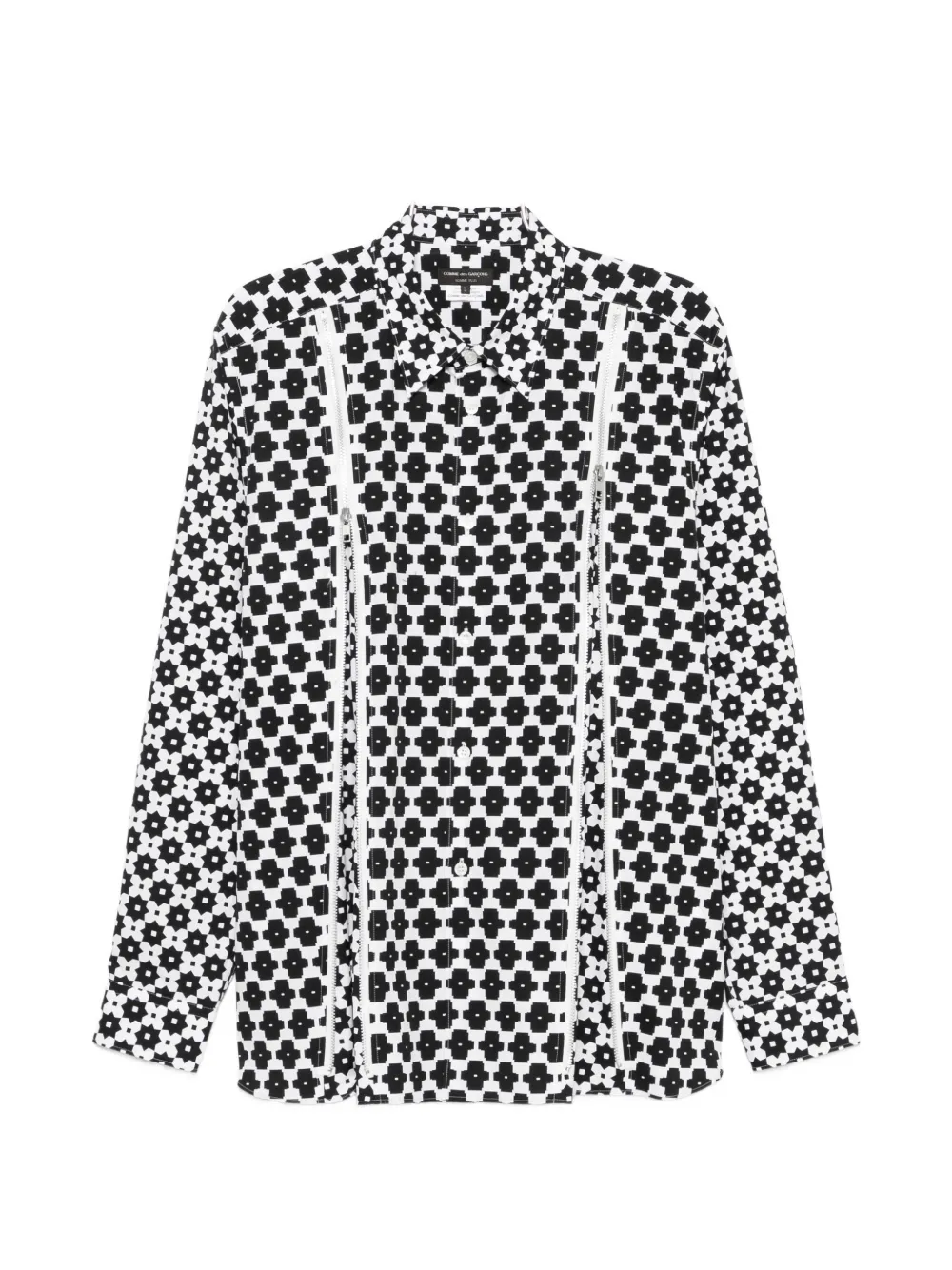 Comme des Garçons Homme Plus geometric-pattern shirt - Schwarz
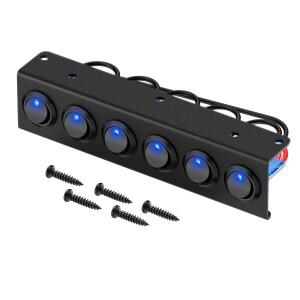 DaierTek 12V 보트 스위치 패널 로커 6 갱 토글 20A SPST ON/Off RV 자동차 트럭 해양 용 파란색 Led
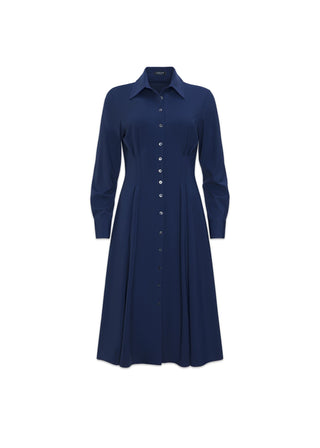 Long Sleeve Fit-and-Flare Shirt Dress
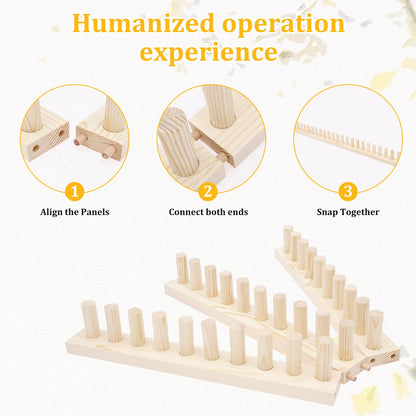 46" Chunky Blanket Frame, No Needle and Adjustable Size Hand Knitting Kit Portable Extra Large Weaving Blanket Maker Craft Kit for Home Decor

» Work instruction
Your job is to restate, word for word, only the lines from the one holding "Long Sleeve Fit-and-Flare Shirt Dress" through the end of the material; pictures stay out.

» Solution for this problem
 Long Sleeve Fit-and-Flare Shirt Dress
 46" Chunky Blanket Frame, No Needle and Adjustable Size Hand Knitting Kit Portable Extra Large Weaving Blanket Maker Craft Kit for Home Decor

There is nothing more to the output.